I social network sono una vetrina fondamentale per condividere questa passione: Instagram è stato il “gancio” adatto per partecipare al concorso.
“Sono stato contattato – racconta – dallo staff di Lens Culture per la sezione del Black and White Photography Awards tramite e-mail. Hanno reputato interessante il mio profilo. Quando mi hanno chiesto di partecipare al concorso, sono rimasto sorpreso, tant’è che all’inizio non ci ho dato peso, poi ho accettato. Perché non cogliere quest’occasione?”
“Lens Culture Award – Black and White Photography Awards” è un concorso fotografico internazionale organizzato, ogni anno, dalla redazione del Lens Culture Magazine. La sede del concorso è a Parigi.

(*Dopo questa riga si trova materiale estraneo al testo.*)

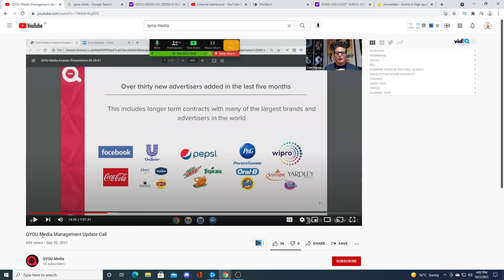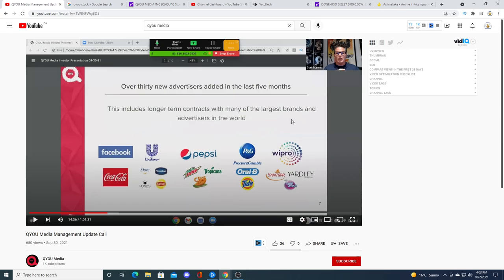Kurt came out with a management update call. And he mentioned that they managed to get Facebook and Coke onto their platform or onto their long-term contract. Which is a big win. That's a huge win. They have some of the biggest companies in the world. Amazon is not on here. Did they lose Amazon? There's Facebook, Pepsi, Procter & Gamble, which is a huge company. Unilever, kind of huge. So anyways, I'll play the video. And then I'll talk more about the company afterwards.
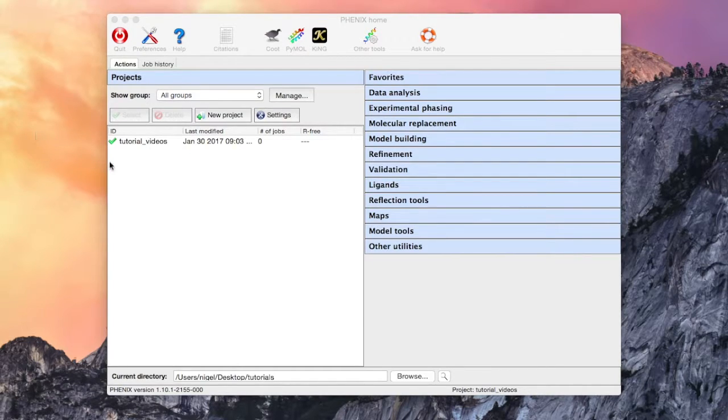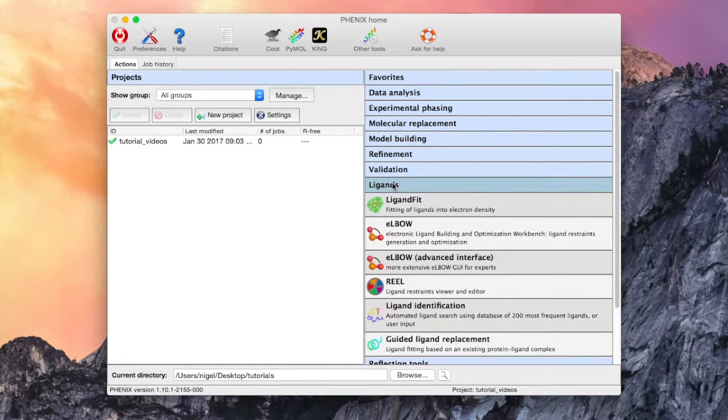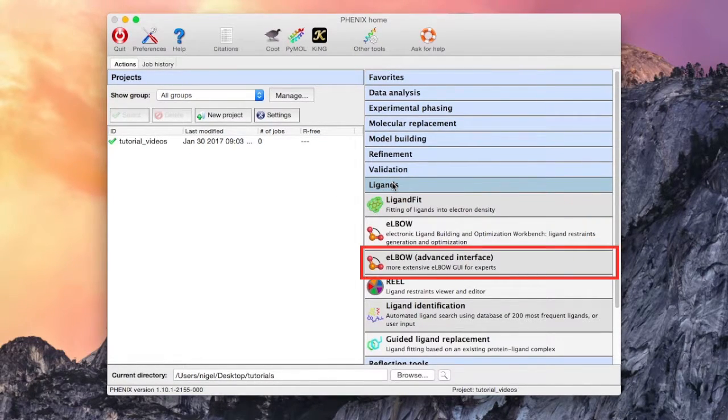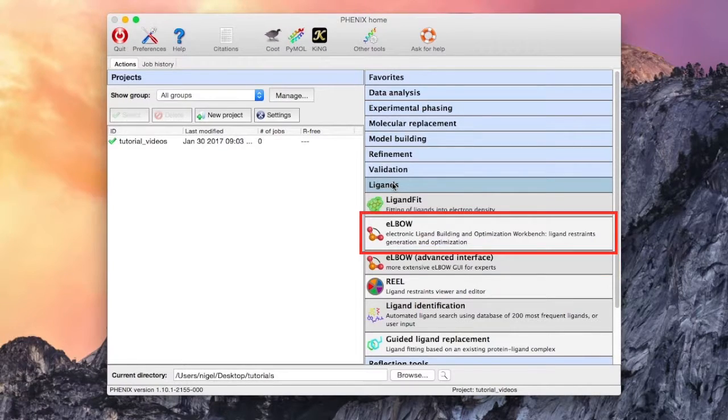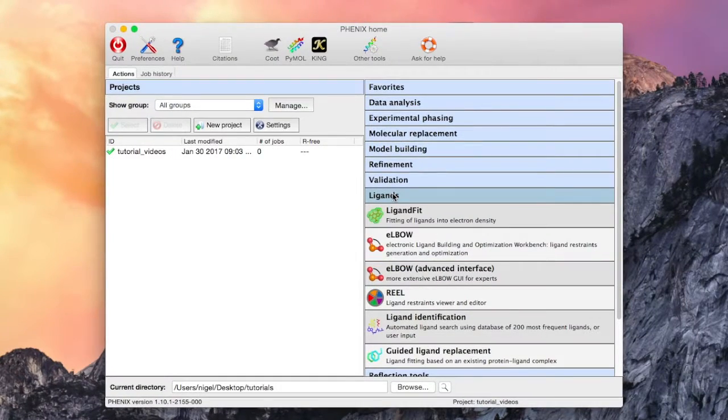The Phenix GUI has two elbow GUIs, both in the ligands button of the main menu. One is for the advanced user, but this tutorial is going to introduce the simplified wizard elbow GUI.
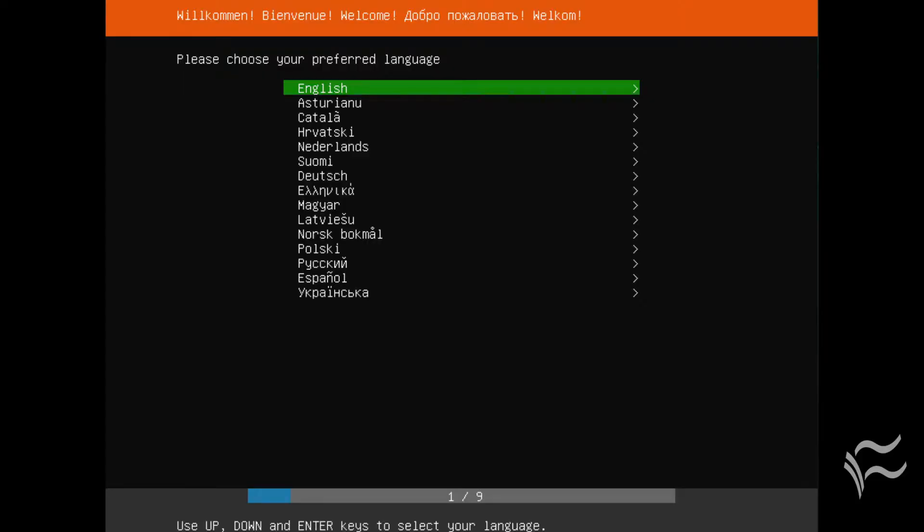Although the installation might look a bit different, navigating the installation is the same. Use your keyboard arrow keys, the tab key, and the enter key.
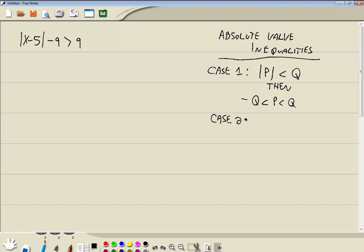Then our second case is where we have the absolute value of something is greater than something else. And if you have it in that form, then you can rewrite it in this manner. Now you have to plug it into all these different pieces here.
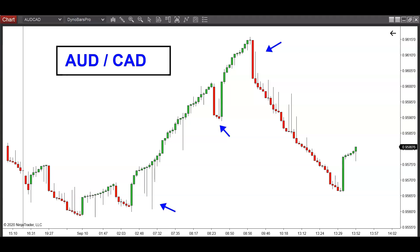For all you Forex traders out there, if you've ever been curious to know what are some other exciting and fascinating markets to pay attention to, then I got a real treat here for you in this video. Just wrapped up a live webinar, did a Q&A session, and somebody brought this pair to my attention — this is the AUD/CAD, the Australian dollar versus the Canadian dollar.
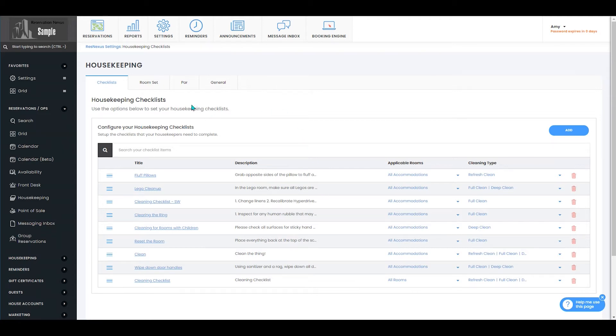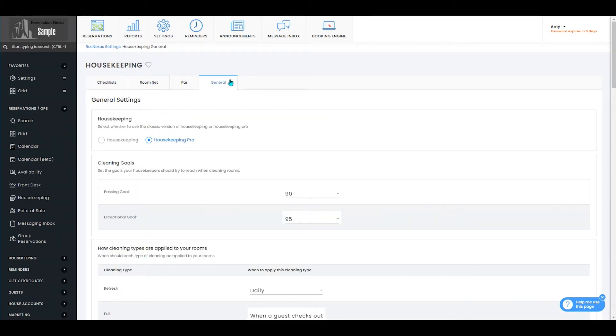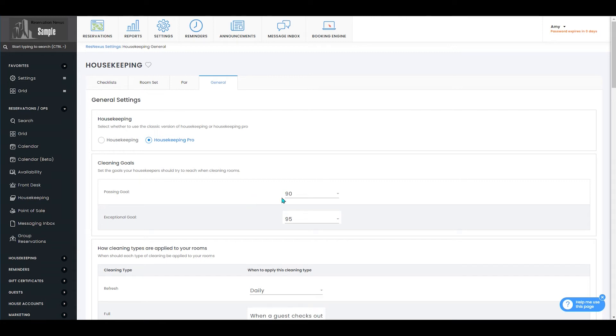Once on this page, you will go to the general tab where you will see cleaning goals. This is where you can set the goals your housekeeper should try to reach when cleaning rooms.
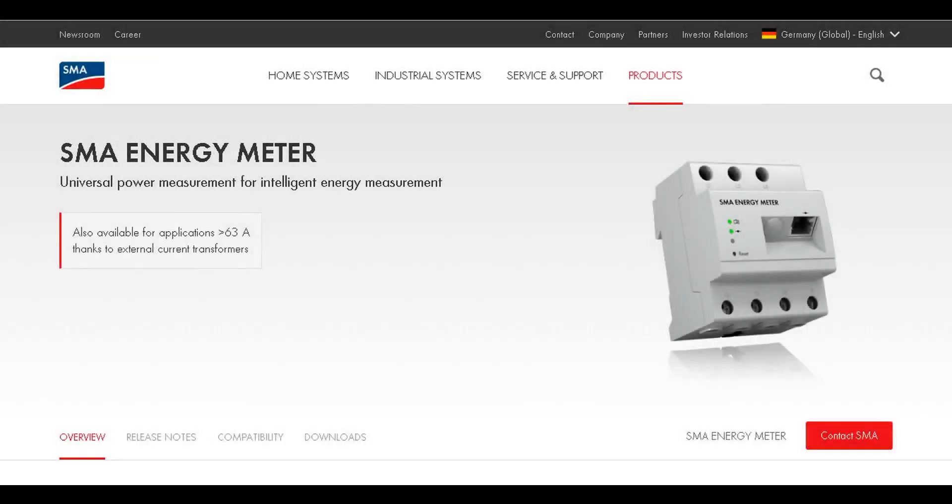In this service tip video, we will show you how to configure CTs for use with an SMA energy meter.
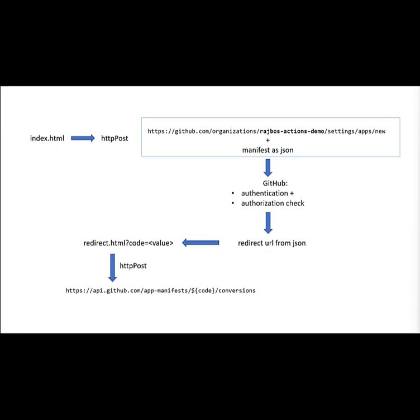Since it's almost instant, that is very straightforward to do. You can then retrieve from the body that you get back from this URL the application ID and the PEM key. You can store that somewhere safe, and with that information you can then act as the app against this organization. So there you have it.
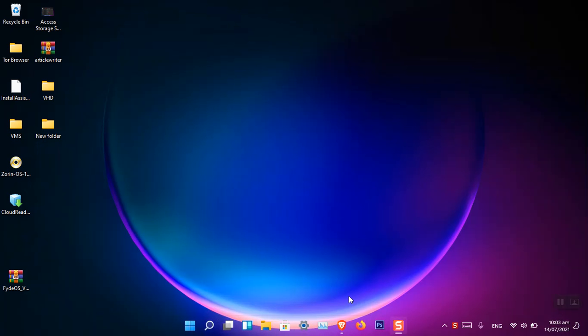Hello everyone, I am Gulam Abbas. I hope you guys are fine and doing great. In this video, I'm going to show you how we can hide files, folders, or even drives. Typically there are two ways to hide your files, folders, or drives: the graphical user interface and the command prompt. I'm going to show you both of those methods.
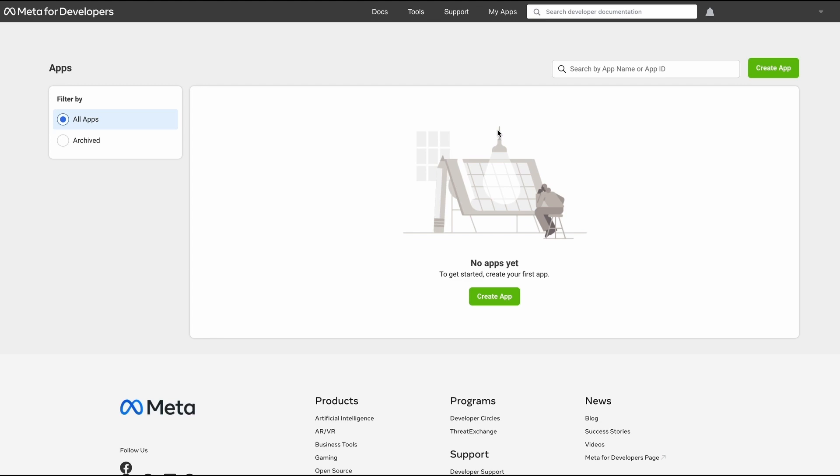Navigate to developers.facebook.com and log in using your Facebook account credentials. This will open up the developers console that we need to use. We're going to click on this create app button to create an app.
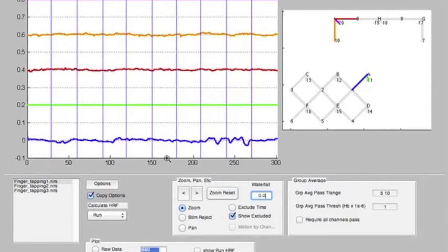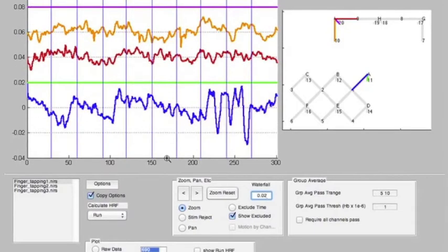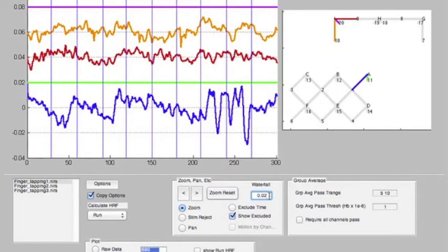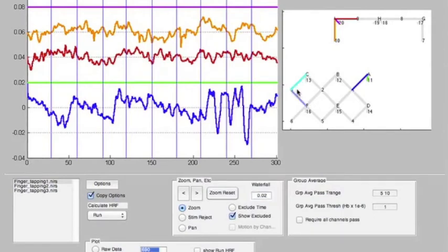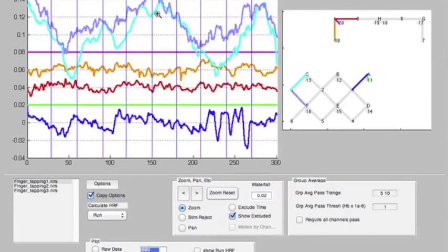Actually, I meant to say 0.02. So let's try that again. This is now a classic waterfall plot, which displays all the channels of data separated by whatever amount we indicate in this text box. This makes it easier. If you want to shift-click, we can display multiple additional channels of data.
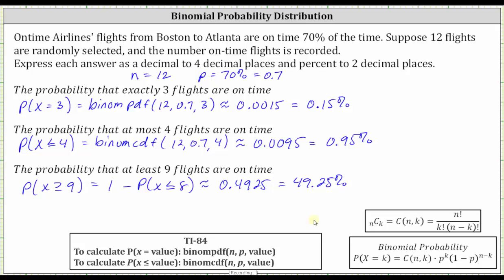It is important to remember when using the TI-84: if we have a probability where X is greater than or equal to a particular value, we do have to rewrite it as one minus the probability where X is less than or equal to a particular value. I hope you found this helpful.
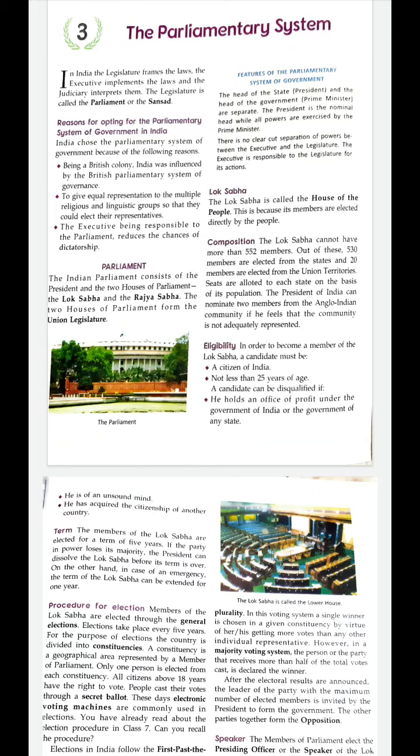The Indian parliamentary system runs around the concept of cooperation and coordination between the legislative and the executive organ. This parliamentary system is not only applied at the centre but is also applied to the state.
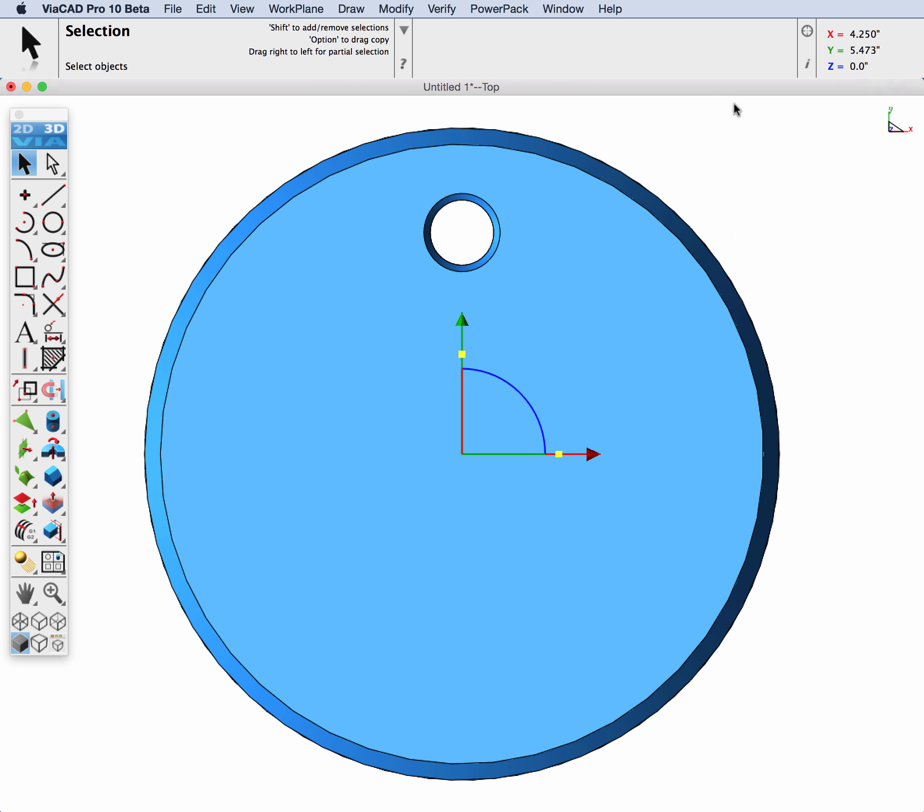Now with the gripper setup we can go to select deep and pick the faces that we want to rotate copy.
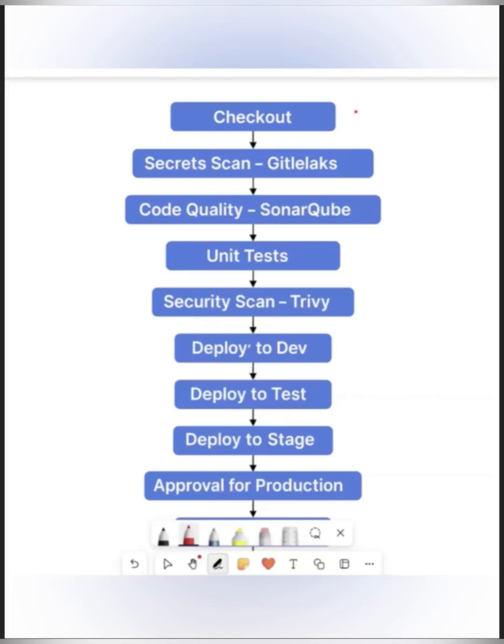In DevOps interviews, when the interviewer asks you to explain the stages of your pipeline, don't just list them. Clearly explain what each stage does and its purpose.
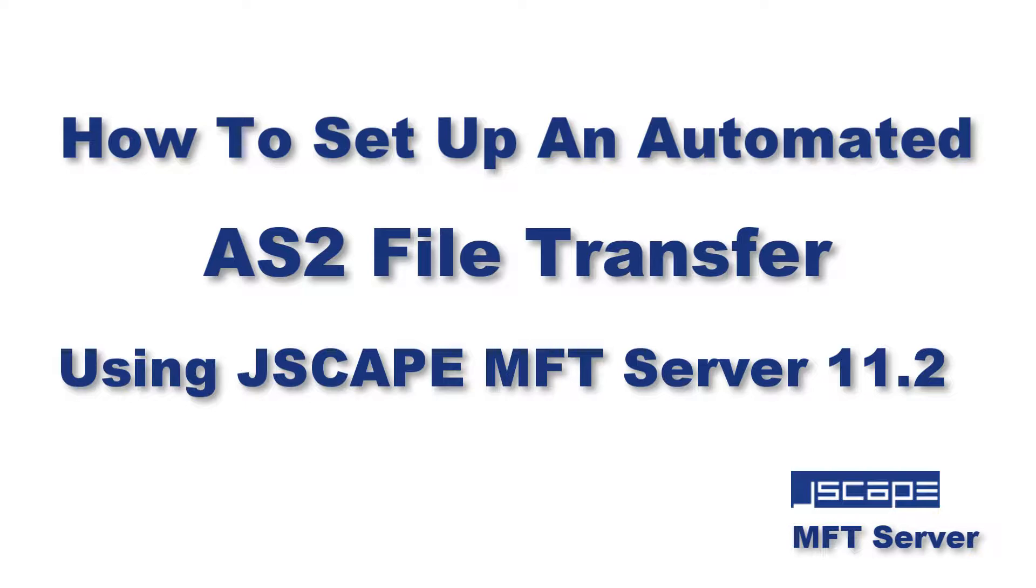Hello there! This is John V, Software Evangelist at Jscape, and today we're going to teach you how to set up an automated AS2 file transfer.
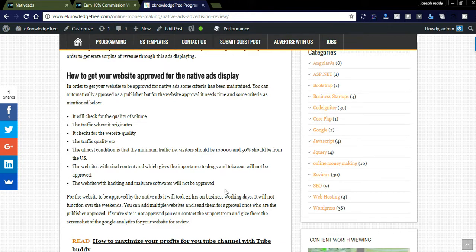They check these criteria: quality of volume traffic, where it originates, website quality, and traffic quality. The minimum traffic requirement is 100,000 visitors, and 50% should be from the US or English-speaking countries. If we get traffic from English-speaking countries, they will simply approve it. If a website does not have that much traffic...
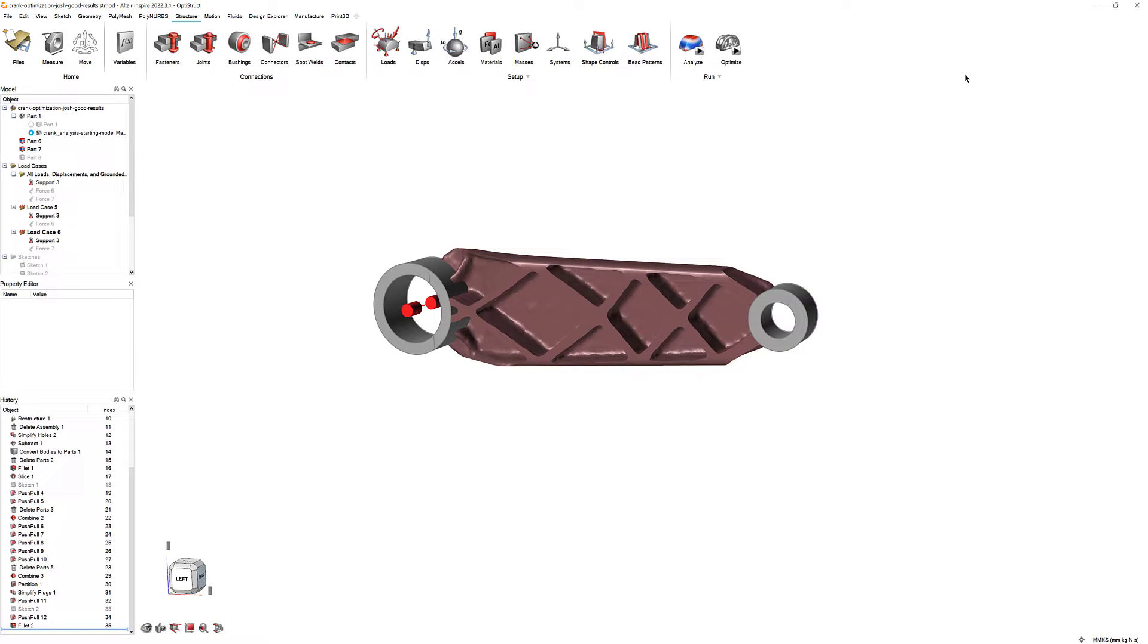Welcome back to the Inspire Getting Started video series. In this video, we will take a closer look at Inspire's Polynerbs tools and use them to fine-tune the optimized byte crank design we made in the previous video.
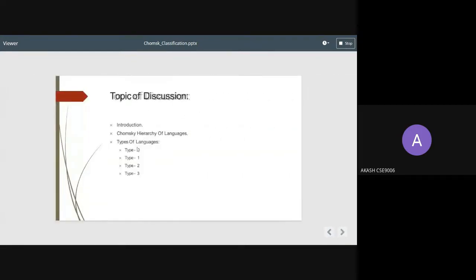In the first half, I will say what we are discussing today. First we have introduction, then Chomsky's hierarchy of languages. Then we have types of languages: type 0, 1, 2, and 3.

L’obiettivo è la scoperta di nuovi talenti e il premio vanta una giuria di livello eccelso che comprende Lesley Martin (direttrice creativa), Jessica Dimson (vice direttrice della fotografia), Louise Fedotov- Clements (direttrice) e Andreas Müller-Pohle (editore). Occorre partecipare con cinque fotografie dal tema libero, rigorosamente in bianco e nero.
I lavori dei vincitori verranno esposti ad aprile del prossimo anno alla Caelum Gallery di Chelsea, a New York.
“La mia Taranto, viva e autentica, deve avere la sua opportunità – spiega Francesco – . Parteciperò con cinque foto che raccontano la Città Vecchia e la storica chiesa di San Domenico, la sua bellezza architettonica e i suoi riti, in particolare quelli del Giovedì Santo”.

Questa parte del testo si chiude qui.